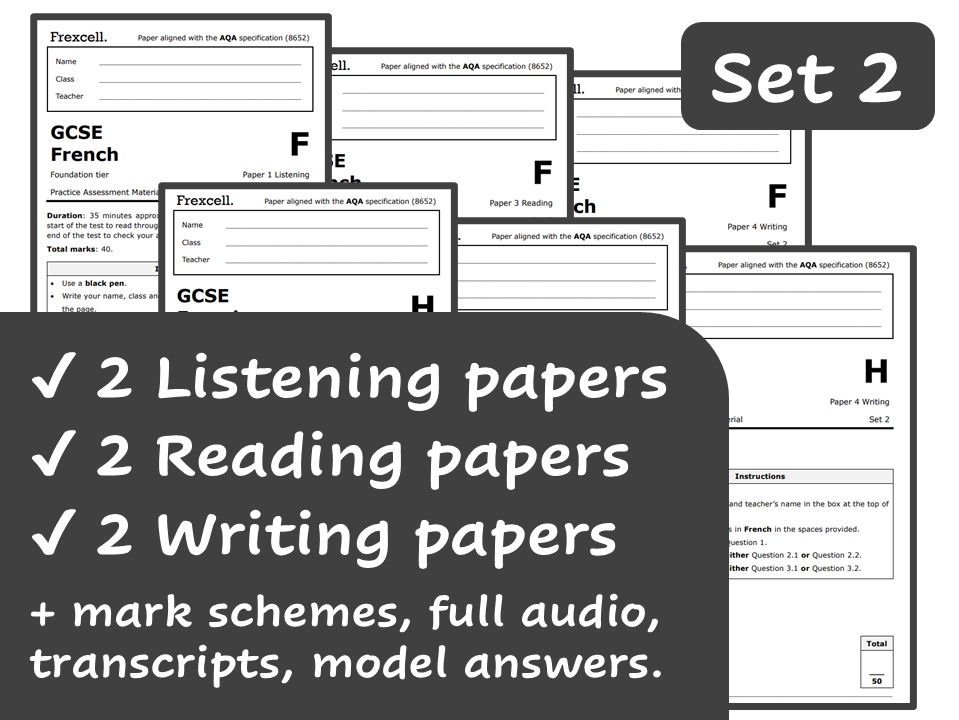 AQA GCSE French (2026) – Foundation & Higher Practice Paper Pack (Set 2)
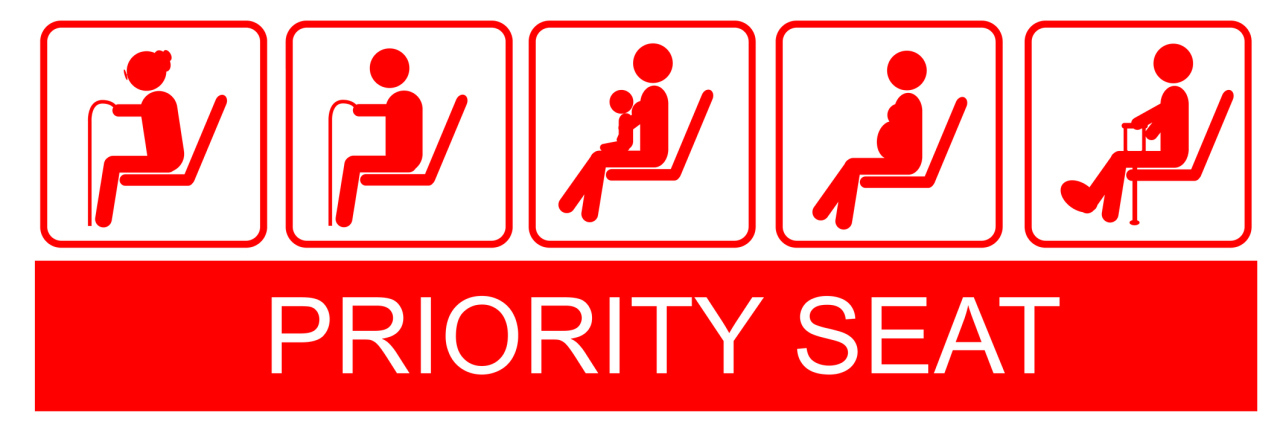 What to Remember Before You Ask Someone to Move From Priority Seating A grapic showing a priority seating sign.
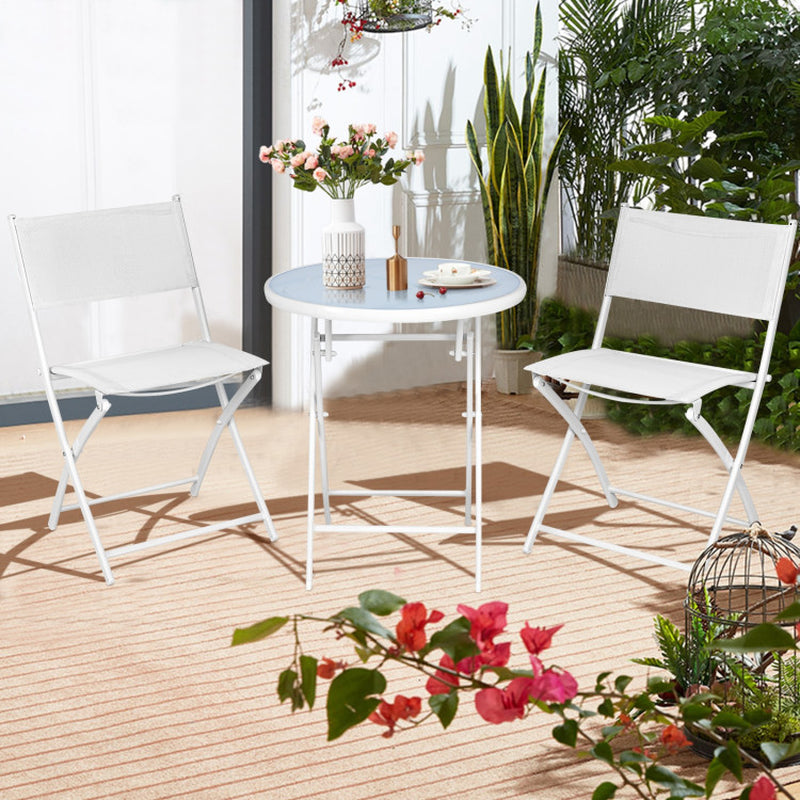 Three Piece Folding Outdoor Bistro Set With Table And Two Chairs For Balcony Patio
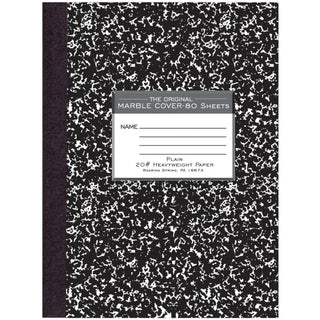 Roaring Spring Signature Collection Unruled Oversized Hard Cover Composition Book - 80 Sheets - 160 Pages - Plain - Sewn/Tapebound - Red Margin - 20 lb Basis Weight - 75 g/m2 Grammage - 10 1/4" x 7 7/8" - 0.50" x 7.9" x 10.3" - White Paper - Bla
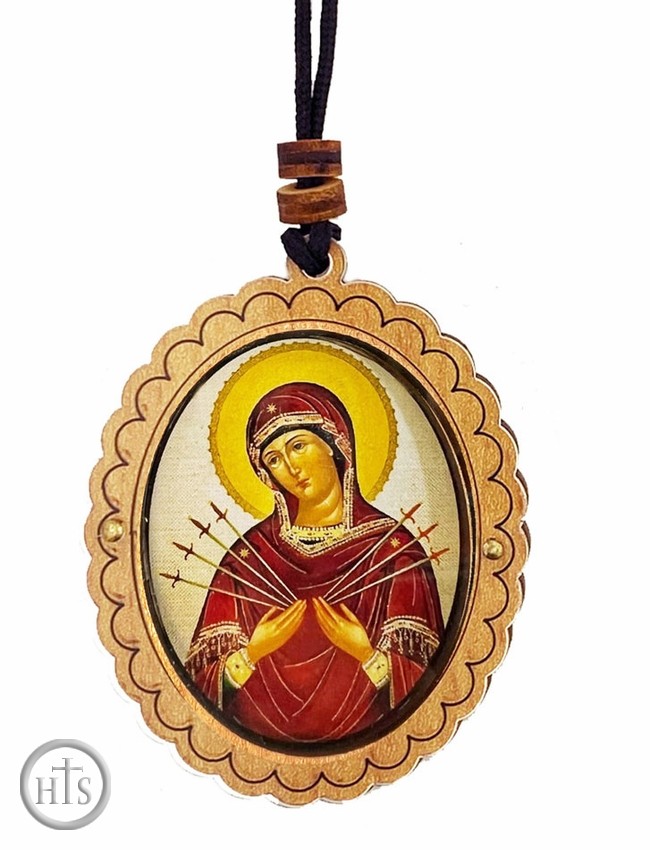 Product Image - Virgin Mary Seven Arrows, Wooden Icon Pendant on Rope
•••••
Problem to work on: Extract from the material above the stretch running from the line containing "Three Piece Folding" through the line containing "Roaring Spring Signature". Keep the text exact and the pictures out.

Task result:
 Three Piece Folding Outdoor Bistro Set With Table And Two Chairs For Balcony Patio
 Roaring Spring Signature Collection Unruled Oversized Hard Cover Composition Book - 80 Sheets - 160 Pages - Plain - Sewn/Tapebound - Red Margin - 20 lb Basis Weight - 75 g/m2 Grammage - 10 1/4" x 7 7/8" - 0.50" x 7.9" x 10.3" - White Paper - Bla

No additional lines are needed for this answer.